View attachment 93338
Could it be that some states have more appraiser's. In the tri county area I live in. There are over 400 residential appraisers. Area density could be another factor
 
Is "Why are appraisal fees higher in the states with the lower demand for appraisal services, meanwhile while fees are lower in the states with higher demand?" an assumption, or is there another basis for it? I expect there is a higher volume of VA and FHA here compared to the chart I posted above. For example, if I recall correctly, I found about 20% of the sales here were VA loans recently. USDA is also a significant player, I believe.
Just a general observation based on what I see on the lender side for conventional appraisals. It is probably more complex than I'm making it out to be.
That is, IMO, the entire reason for this exercise. I think a lot of folks see the refi boom of the 19-21 era as something that might happen again - even though the odds of that are literally zero. Nonetheless, machinery is in place now to ensure that doesn't happen - 'that' being the $1000 appraisals and 2 month TAT's.
If they don't want 1000 appraisals and 2-month TAT, why not short forms as a stopgap?
 
Just a general observation based on what I see on the lender side for conventional appraisals. It is probably more complex than I'm making it out to be.

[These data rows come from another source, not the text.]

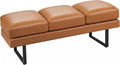 Shahoo Waiting Room Bench, Heavy-Duty Leather Reception Chairs with Metal Legs, Office Guest Chairs for Guests, Home Conference Lobby Area, 60 Inch, Brown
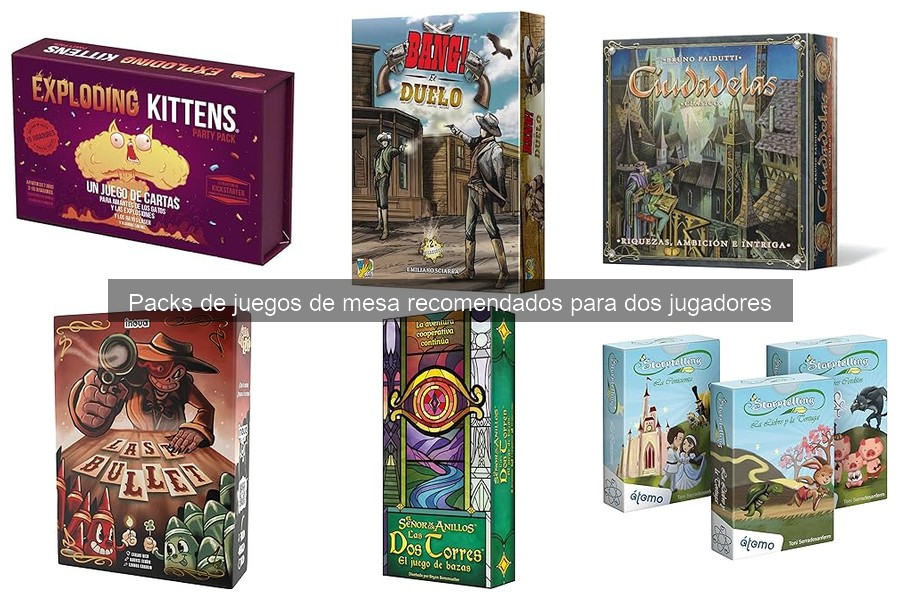 Mejores packs de juegos de mesa para dos según la temática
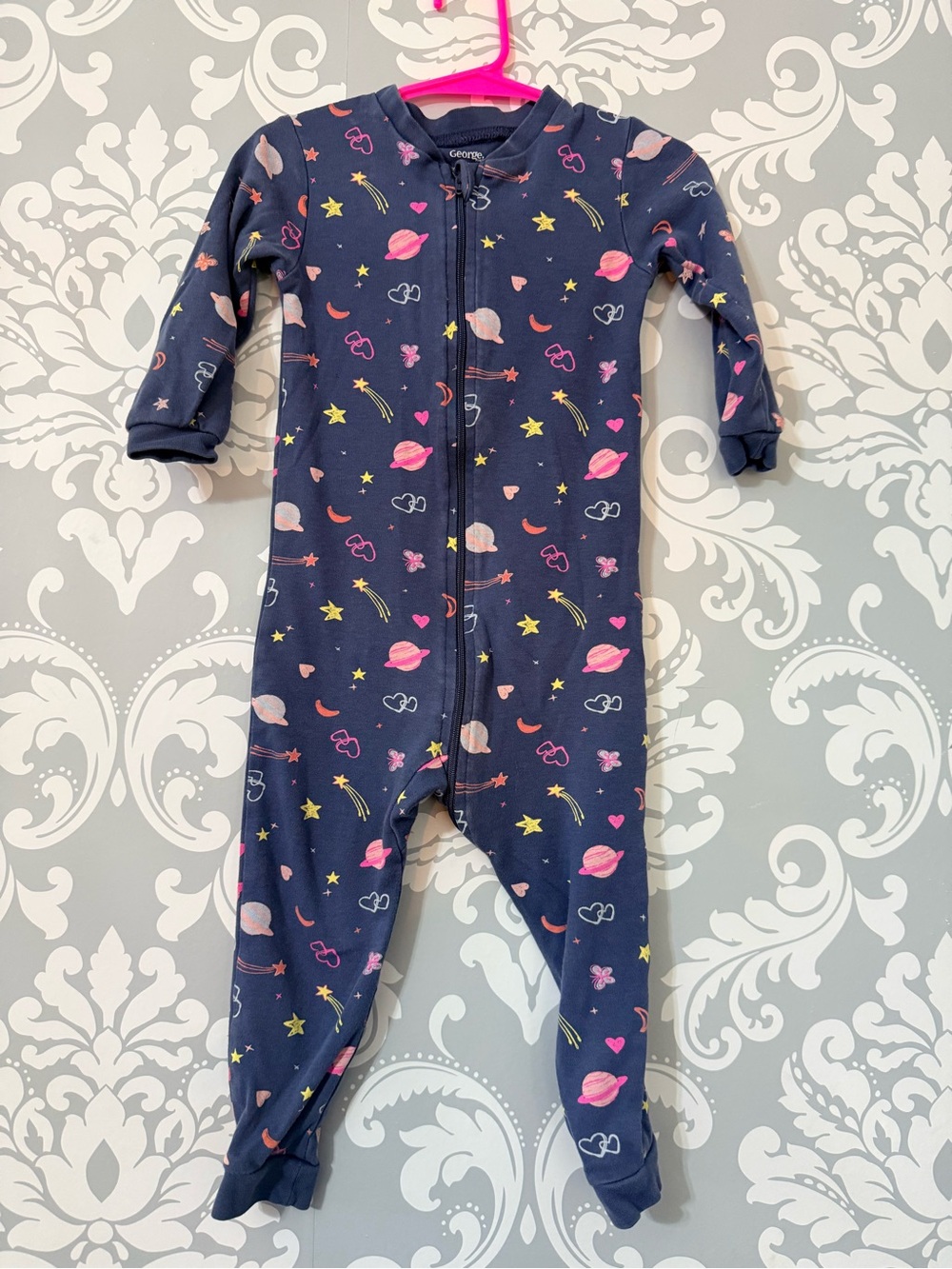 💫10/$25 • George Navy Space-Print Zip Cotton Footless Sleeper
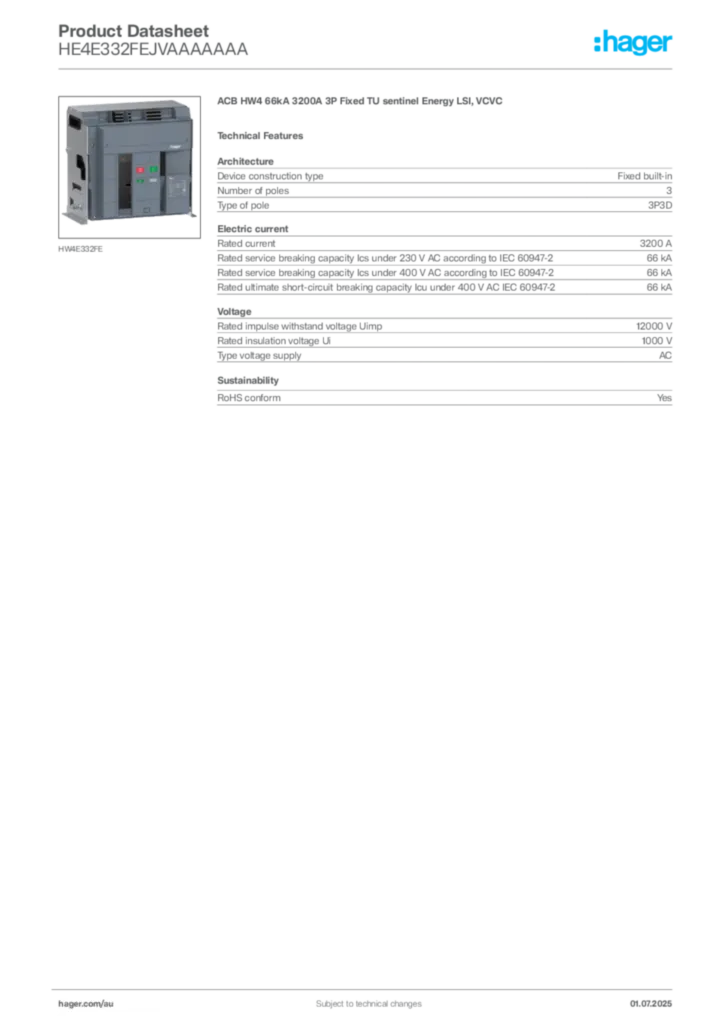 Image Hager Product data sheet HE4E332FEJVAAAAAAA  | Hager Australia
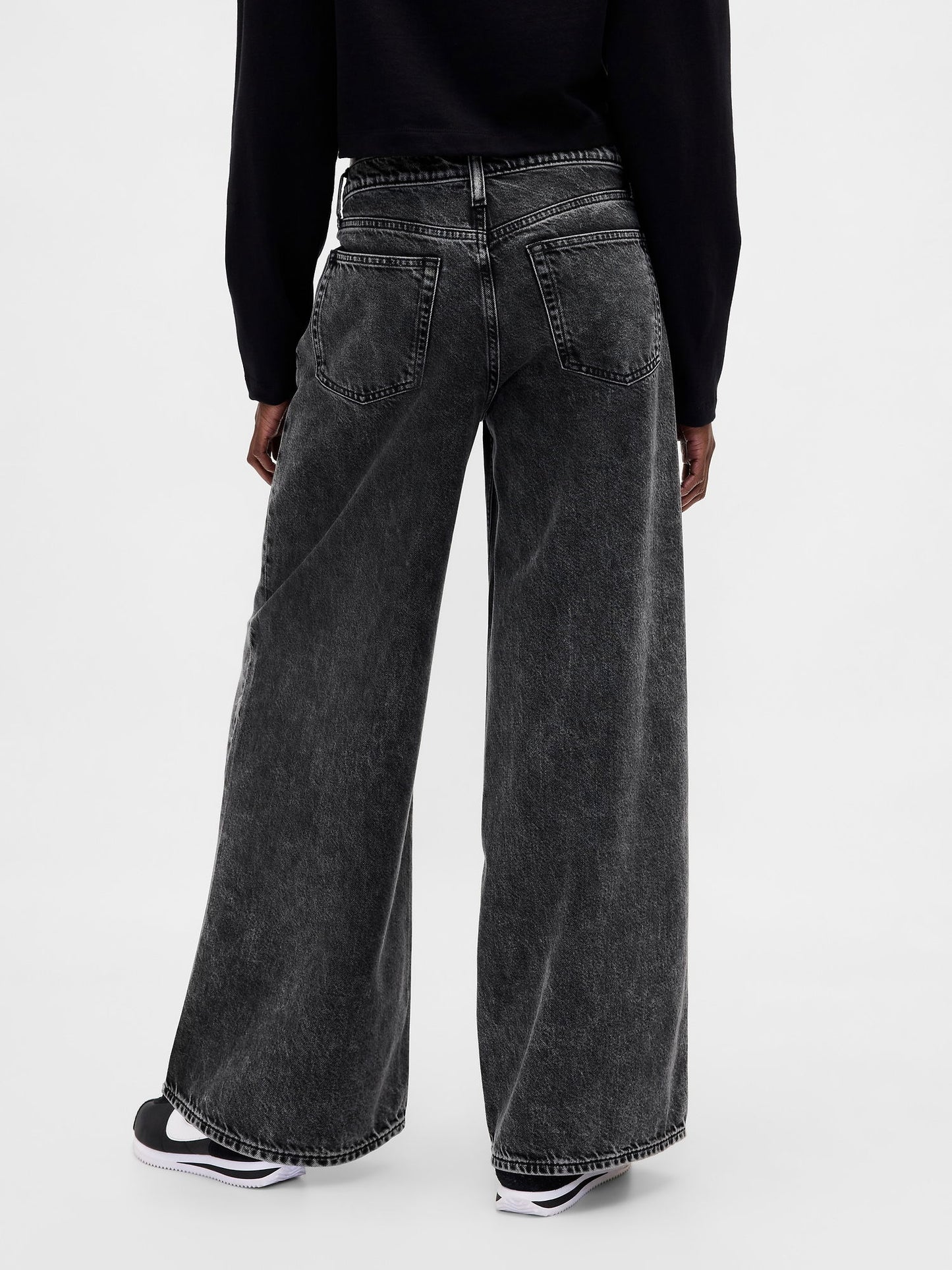 Siyah Mid Rise Ultrasoft Baggy Jean Pantolon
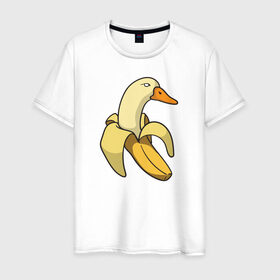 Мужская футболка хлопок с принтом утка банан в Курске, 100% хлопок | прямой крой, круглый вырез горловины, длина до линии бедер, слегка спущенное плечо. | banana | duck | meme | банан | мем | утка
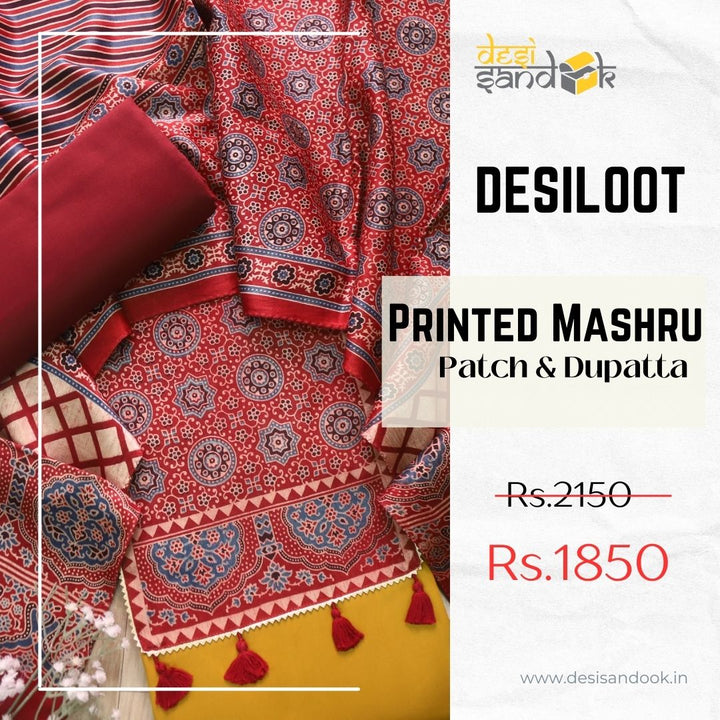 Kushal Dijon Yellow Glazed Cotton Top and Printed Mashru Dupatta-D5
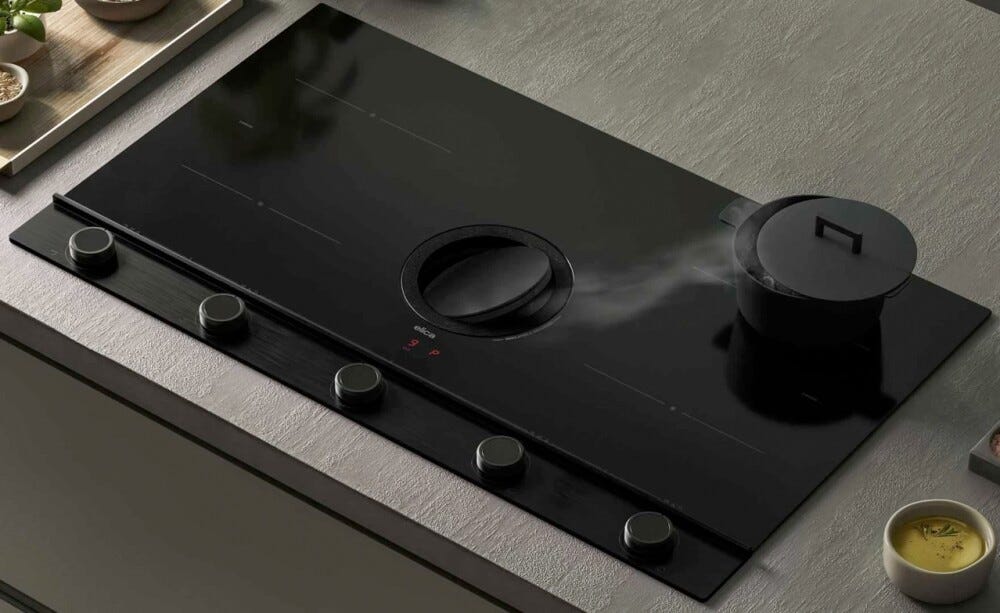 Elica NIKOLATESLA UNPLUGGED EVO BL/A/90 Evo Collection Piano cottura induzione cm. 90, cappa integrata, vetro nero/alluminio nero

If they don't want 1000 appraisals and 2-month TAT, why not short forms as a stopgap?
I mean - looking at it from a modular perspective, what 'modules' are imperative to producing credible results? The inspection module or the analysis module? The folks who control the narrative decided that the analysis module is more critical, thus the development of the hybrid model. To your point, the hybrid model - to some extent - is a reflection of the 'short form' mentality. Reallocate those time consuming modules and focus on the part that really makes an appraisal an appraisal - the analysis.
 
Could it be that some states have more appraiser's. In the tri county area I live in. There are over 400 residential appraisers. Area density could be another factor
Wouldn't more appraisers per household result in fewer appraisals per licensee, and all other factors being equal that should drive costs down? Instead, the states with the fewest appraisals per appraiser generally have higher fees.

I'm going to do some more analysis and I will post it someday.